There’s also an underlying growth trend. The mainframe, which is tens of billions of dollars a year in spend, is a mission-critical system that runs some of the world’s most important transactional environments, things like airline reservation systems or credit card processing systems or retail commerce systems. It’s used for those cases because it’s an I/O supercomputer. It’s unmatched in terms of concurrent transaction processing.

It's not useful in the same way for things like running a social network and you need to do status updates, for things where it doesn’t matter if you refresh the page if the thing hasn’t updated yet.

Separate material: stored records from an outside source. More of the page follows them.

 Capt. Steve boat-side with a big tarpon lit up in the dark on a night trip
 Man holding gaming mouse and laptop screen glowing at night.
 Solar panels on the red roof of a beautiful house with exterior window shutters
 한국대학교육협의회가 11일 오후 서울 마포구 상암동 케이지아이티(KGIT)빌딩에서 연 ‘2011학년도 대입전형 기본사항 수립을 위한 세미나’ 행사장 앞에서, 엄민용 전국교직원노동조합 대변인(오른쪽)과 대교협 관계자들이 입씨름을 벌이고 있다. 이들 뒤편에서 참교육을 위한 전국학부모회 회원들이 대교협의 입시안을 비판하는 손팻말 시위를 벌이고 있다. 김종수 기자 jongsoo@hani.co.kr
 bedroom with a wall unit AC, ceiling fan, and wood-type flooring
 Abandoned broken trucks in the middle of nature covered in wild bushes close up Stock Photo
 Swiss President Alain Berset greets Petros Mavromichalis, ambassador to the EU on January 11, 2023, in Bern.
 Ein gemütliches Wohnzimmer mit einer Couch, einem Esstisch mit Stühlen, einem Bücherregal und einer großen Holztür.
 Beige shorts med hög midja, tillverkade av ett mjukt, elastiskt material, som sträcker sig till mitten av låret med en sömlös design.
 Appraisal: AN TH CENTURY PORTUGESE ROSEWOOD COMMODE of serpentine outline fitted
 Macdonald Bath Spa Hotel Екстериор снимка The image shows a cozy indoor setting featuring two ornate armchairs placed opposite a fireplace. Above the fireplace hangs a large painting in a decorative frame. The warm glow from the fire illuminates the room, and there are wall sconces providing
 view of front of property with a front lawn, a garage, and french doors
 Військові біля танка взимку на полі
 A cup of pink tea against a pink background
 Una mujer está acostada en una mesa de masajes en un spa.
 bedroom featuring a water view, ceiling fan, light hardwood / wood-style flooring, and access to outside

But things where it does matter, where you need perfect transactional integrity like financial services, they’ve started to measure the power of the mainframe by the number of Cyber Mondays that you can run on a single box. That’s the metric that they’re using because it’s so powerful.

There’s a big data company called Splunk, which is one of the fastest-growing software companies in the history of humanity. It's been targeting a couple of really important use cases, two of which are cyber security and application performance monitoring. There has been this gap, which is that they couldn’t monitor the mainframe because it’s actually really hard. [Splunk’s] technology pulls log data off of pretty much almost every other kind of system that exists in an enterprise except for the mainframe.

The mainframe tech is really hard because there are a lot of logs. It’s one of the most prolific log generators, and it’s running your systems of record. Your cyber security system is not that useful if it can secure your entire enterprise except for your system of record, the system that has all of your customer bank accounts on it. Similarly, for your application performance monitoring system, it can monitor basically your entire enterprise except for the third tier of your three-tier applications. You can never get to the root causes of any problems.

Splunk approached us about that, and we were in this unique position where most of the other mainframe software vendors have massive existing businesses that are getting decimated by Splunk, so the last thing they want to do is try to help them get mainframe log data off the mainframe at Splunk. The Silicon Valley companies, many of them don’t even realize the mainframe still exists, let alone that the mainframe is a bigger market than most of the data industry.

That’s what Ironstream does. It pulls the cyber security data and the advanced application performance monitoring data off the mainframe, feeds it into Splunk for advanced analytics on those use cases; cyber defense and application performance monitoring and increasingly other things like broad analytics and new customer churn and the like. That’s actually become the fastest-growing product in the 48-year history of Syncsort, is already closing huge, million-dollar-plus deals and has been really exciting in terms of real time streaming and telemetry data.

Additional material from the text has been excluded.